In the entries below, begin at the line with "Aaron online show" and stop after the line with "cherry_pr1ce online show from 20, 11, 2025"; output those lines exactly and omit the pictures.

▶ **Recorded information**:
◇ ◇ ◇ ◇
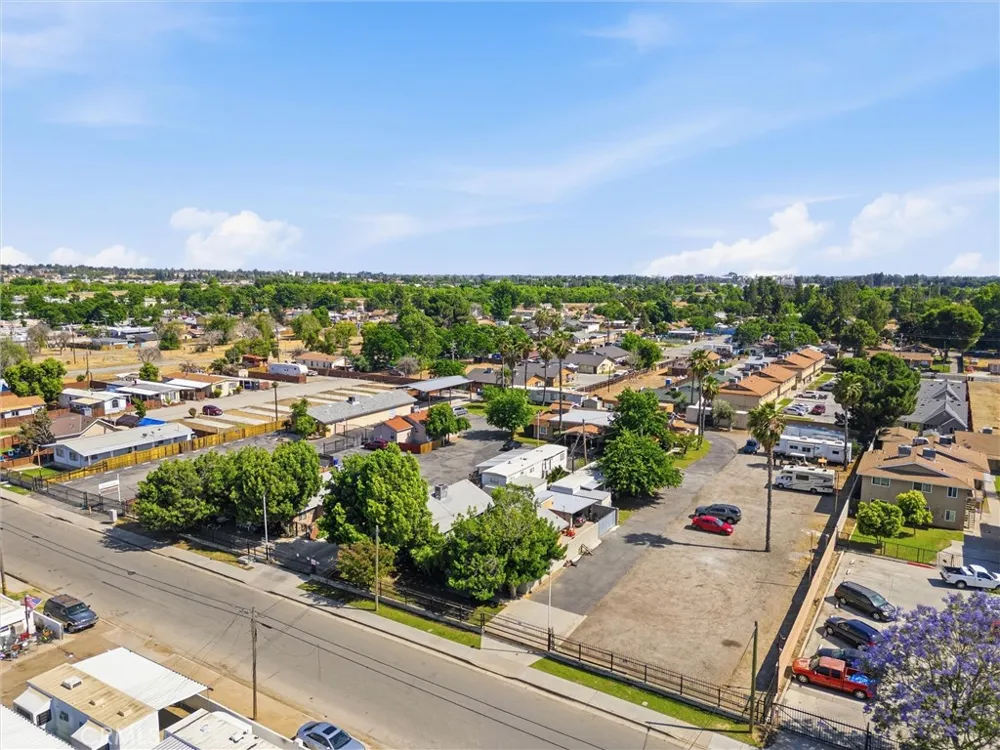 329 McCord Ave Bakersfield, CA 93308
◇ ◇ ◇ ◇
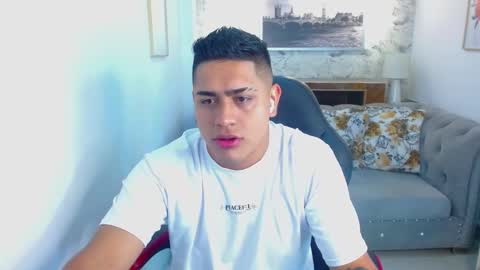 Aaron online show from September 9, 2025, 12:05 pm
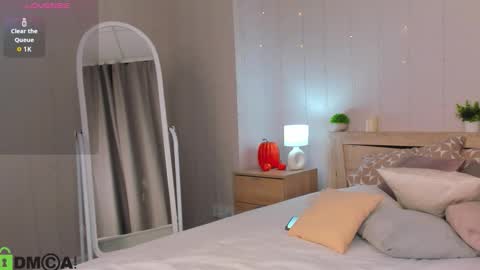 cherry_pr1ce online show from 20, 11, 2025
◇ ◇ ◇ ◇
▶ **Answer box**:
 Aaron online show from September 9, 2025, 12:05 pm
 cherry_pr1ce online show from 20, 11, 2025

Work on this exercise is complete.